You will never know enough.
And you'll know even less if you don't read.
Tomorrow I have a scheduled post about Christopher Columbus. This is a good primer for that post.
For the last few months I’ve been picking at SAINTS AND STRANGERS by Willison, a 1945 writeup of the Pilgrim Fathers and how they succeeded against the longest odds they could have imagined. Over the weekend I went camping near Wichita Falls (gorgeous part of Oklahoma) and I spent some time reading in the shade.
I’m through the thickest part of the beginning, which is extremely detailed (and thus at times very slow). Now I’m into the first year at Plymouth, a saga I’ve read many times and am quite familiar with…
…and it blows my mind that I’m still learning big, foundational things about that era.
Either that, or Willison gets some things tremendously wrong in his narrative here.
For simplicity, I’ll focus on two specific figures: John Carver, and Squanto. Carver was the first governor of Plymouth, and just about every other account that I’ve read about him puts his age somewhere in his mid-30s when he died (1621). But Willison goes on at length about how Carver’s death was a passing of the torch from one generation to the next, because he was in his 60s, and his successor (William Bradford) was 32.
This isn’t just a numerical mix-up, it is a profound marker of institutional change at Plymouth. My cherished Mayflower Pilgrim chart on my office wall says he was 35, while a Grok search says 56. (Grok cited that great whore of the earth, Wikipedia.)
I told it to give me something accurate, so it cited The Great Migration Begins: Immigrants to New England 1620-1633, a three-volume set published in 1995 that covers the lives of 900 families who moved to New England in a 13-year span. This confirms that his age was approximately 56, so even if it’s off by a decade, he wasn’t 35. It was indeed a generational change when Bradford assumed the role of governor.

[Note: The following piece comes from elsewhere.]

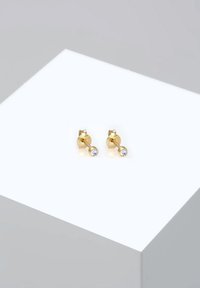 Guldbelagda studs med en rund klar kristallakcent, med en slank och minimalistisk design. Polerad metallyta med en jämn textur.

Despite my poster being put out by Pilgrim Hall Museum (www.pilgrimhall.org), the age listed for Carver couldn’t possibly be right. This same poster lists John Howland’s age as 28, while other sources put him at 21, much closer to the age of his young wife Elizabeth Tilley.

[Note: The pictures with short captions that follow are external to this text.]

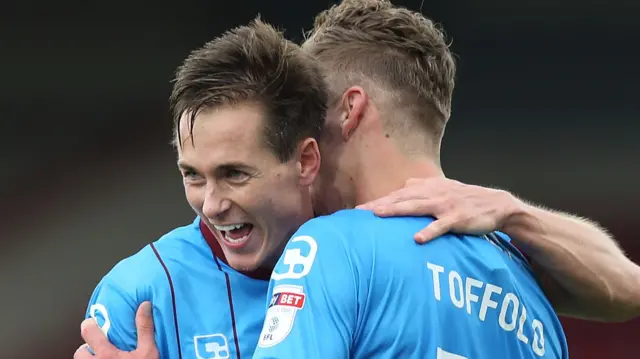 Josh Morris and Harry Toffolo celebrate a goal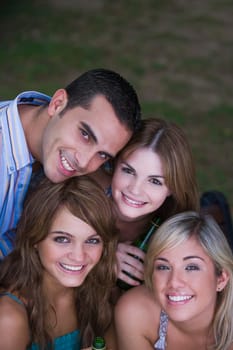 Portrait of three young women smiling with a young man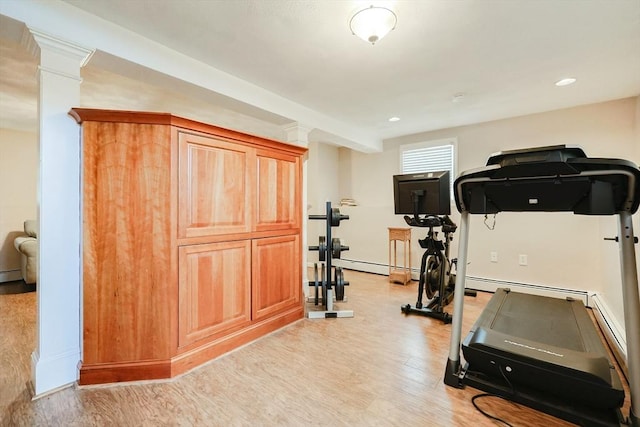 workout room with ornate columns, light hardwood / wood-style flooring, and a baseboard heating unit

Granted, out of all the Pilgrim books I’ve read, Willison is the first writer to make this specific comment about Carver’s age and what his death represented for Plymouth, or at least this is the first time it’s really caught my attention.

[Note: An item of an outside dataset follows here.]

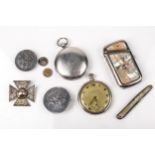 A small collection silver and metal items.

As for Squanto, Willison—again, in 1945—repeated a later-debunked claim about the Patuxet man, saying that his 1614 voyage to Europe (enslaved by an Englishman) was his second such trip, not his first. Apparently it was believed that another Englishmen, George Weymouth, took Squanto in 1605, then brought him back in 1614, only for Squanto to be one of 27 Wampanoags tricked onto Thomas Hunt’s boat and dragged back to Europe that very same year.
(I really struggle to think anyone would be that stupid.)
So while Willison gets Carver’s age right, he apparently gets Squanto’s time in Europe very wrong. If Squanto had spent literally half his life (and all his adult years) traveling with Englishmen, Bradford might have written about that in his detailed records of Plymouth’s early years. But he didn’t.
In summary, I’m reading my 8th or 9th book about Plymouth, the Mayflower, and the Pilgrims, and I’m constantly learning news things, while also double-checking other stuff I’ve read about it. In the end, you’re dealing with stories about people, recorded by people, who have their own flaws and agendas, and the best approach you can take is to consult a wide array of sources and scrutinize them with integrity.
This is relevant in the context of Columbus because I highly suspect that his most vociferous critics in 2025 are doing no such thing. They read the Internet, not books, and certainly not old books with primary sources. (Though as we see in Willison’s case, he can get things wrong too.)
For every opinion you have, challenge yourself. Read up on it. Read a lot about it. One book doesn’t count, especially without taking the writer’s biases into consideration. Challenge what you know—or think you know.
And for the sake of all sanity, stay the hell away from Reddit.